Q02. それぞれの課題に対して、ルーマンが与えた回答はどのようなものですか。

 Q01に対する回答で述べたように、ルーマンはマスメディアが二重のリアリティを構成しているという視点をいわば本書の出発点に据えました。第1の論点(マスメディアの作動)について、ルーマンはマスメディアを社会のなかで特定の役割を担い、かつ独自の論理で作動するシステム(機能システム)として描くことで、マスメディア論をいわば社会理論の土俵に載せました。その理論的な道具立ては、政治や経済、科学のような他の領域に適用されたのと同様のもので、マスメディアのコミュニケーションを独自のものたらしめるコード(主導的な区別)を軸とするものです。平易に述べるなら、そのコードはオーディエンスの注意や関心を集める新奇性の有無だといえます。興味深いのは、ルーマンがマスメディアの内部にそのような新奇性を追求する3つの領域(プログラム領域)を見いだしている点です。簡単にいえば、報道・広告・娯楽の3領域です。報道はその内容の真実性をベースにして新たなもの(ニュース)を日々追求します。広告は、商品やサービスをオーディエンスに訴求したいという明確な意図のもとに訴求内容の新奇性を伝えようとします。娯楽においては、マンネリ化を回避しながら(つまりは新奇性を再生産しながら)日常を忘れるひとときの楽しみを提供します。実際のマスメディアの作動は、これらの諸領域の営みからなる複合体ですが、先ほどこうした3領域の区別をルーマンが自身の理論に持ち込んでいることを興味深いと述べたのは、実際にはこれらの領域にまたがる境界例ともいえそうなケースが散見されるからです。

 たったいま説明したマスメディアのコードや新奇性の追求は、それ自体がマスメディアが何をどのように観察するかを規定している限りにおいて、第2の論点(マスメディアの観察)とも重なっています。そこで重複を避けるために、第1の論点でふれた内容を避けて、もう一つの重要な論点に着目することにします。マスメディアが、その性格から特定の専門知識を前提としない一般オーディエンス向けのコミュニケーションに指向していることは明らかです。生活に忙しく飽きっぽいオーディエンスに対して、マスメディアはどのようにその伝達内容を記述すればよいでしょうか。社会システム論の枠組みでいえば、これはコミュニケーションと意識のカップリングの問題と位置づけられますが、この関係を記述するためにルーマン認知心理学に由来するスキーマ概念を自らの議論に取り込みました。スキーマは、ある事柄をあるものとして直観的に理解させる働き

(例えば、2012年の米大統領選選挙でオバマ陣営が制作したキャンペーン動画にみられたように「円満な家庭生活を営む」オバマを「信頼に値する人物」として理解させる働き)

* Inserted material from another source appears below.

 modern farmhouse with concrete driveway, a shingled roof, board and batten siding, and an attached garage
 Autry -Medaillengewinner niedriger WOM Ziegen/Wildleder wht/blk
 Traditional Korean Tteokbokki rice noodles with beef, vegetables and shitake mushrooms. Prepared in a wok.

をします。これによって伝達者はくどくどした説明なしにメッセージの内容をオーディエンスに理解させることができます。こうしたスキーマの働きはこのように直観的なものであるがゆえに、それが当事者に自覚されることはまれです。スキーマの働きを対象化するには、当事者(観察者)を観察するセカンドオーダーの観察者を必要とするわけです。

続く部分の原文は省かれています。